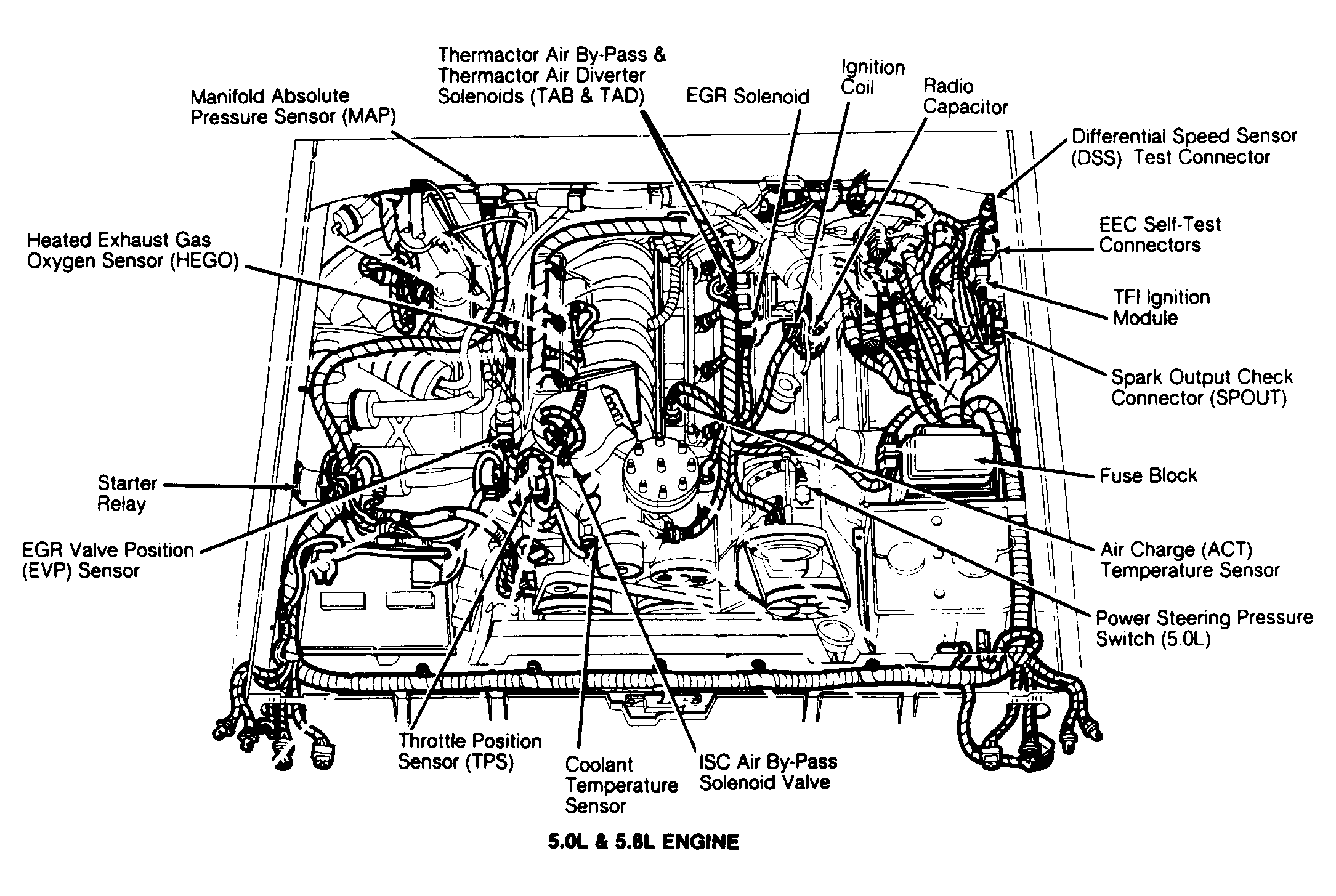 G92J21575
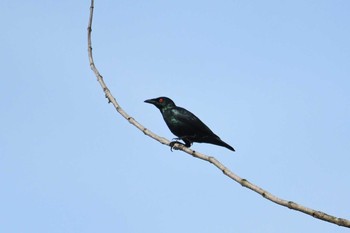 ミドリカラスモドキ Sungei Buloh Wetland Reserve 2018年11月10日(土)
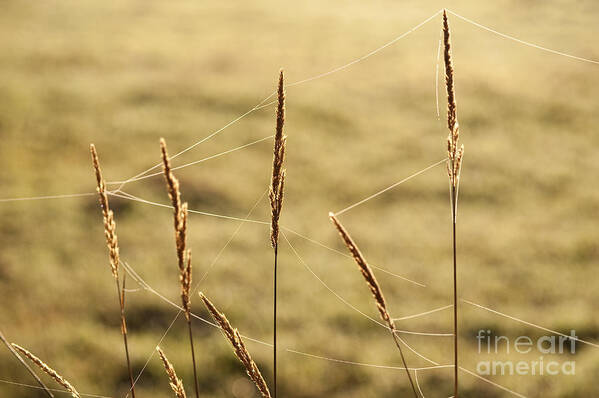 Atmosphere Art Print featuring the photograph Spider webs in field on tall grass #2 by Jim Corwin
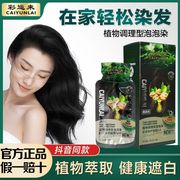 彩运来牛油果泡泡染发剂植物萃取护染膏霜纯袋装抖音果染膏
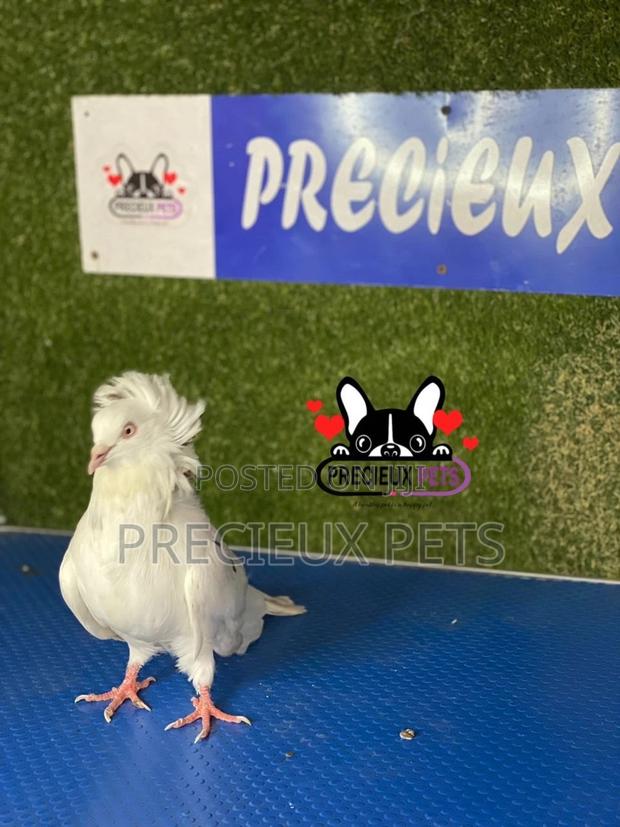 1 Pair of Jacobins Pigeons #0003 · Photo 4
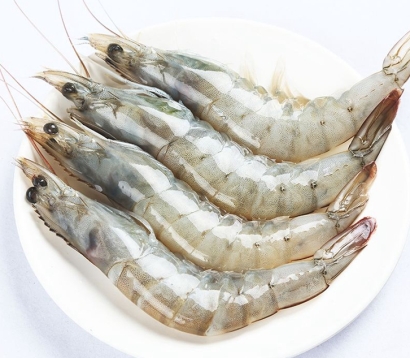 「水產(chǎn)品」馬來西亞到天津冷凍蝦進口清關案例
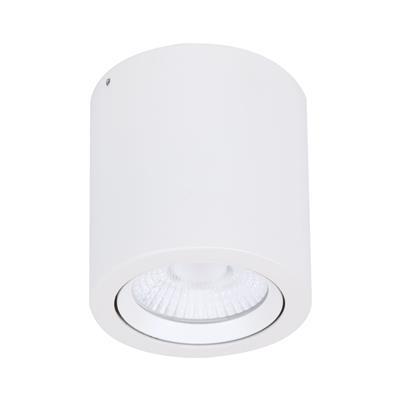 NEO-SM TILT 20W LED S/MOUNTED WHT TRI-COLOUR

------------------------

About this task —
In the records, the line containing "彩运来牛油果泡泡染发剂植物萃取护染膏霜纯袋装抖音果染膏" starts the span and the final line ends it. Output exactly that span, both ends included, with no pictures and nothing else.

Response —
 彩运来牛油果泡泡染发剂植物萃取护染膏霜纯袋装抖音果染膏
 1 Pair of Jacobins Pigeons #0003 · Photo 4
 「水產(chǎn)品」馬來西亞到天津冷凍蝦進口清關案例
 NEO-SM TILT 20W LED S/MOUNTED WHT TRI-COLOUR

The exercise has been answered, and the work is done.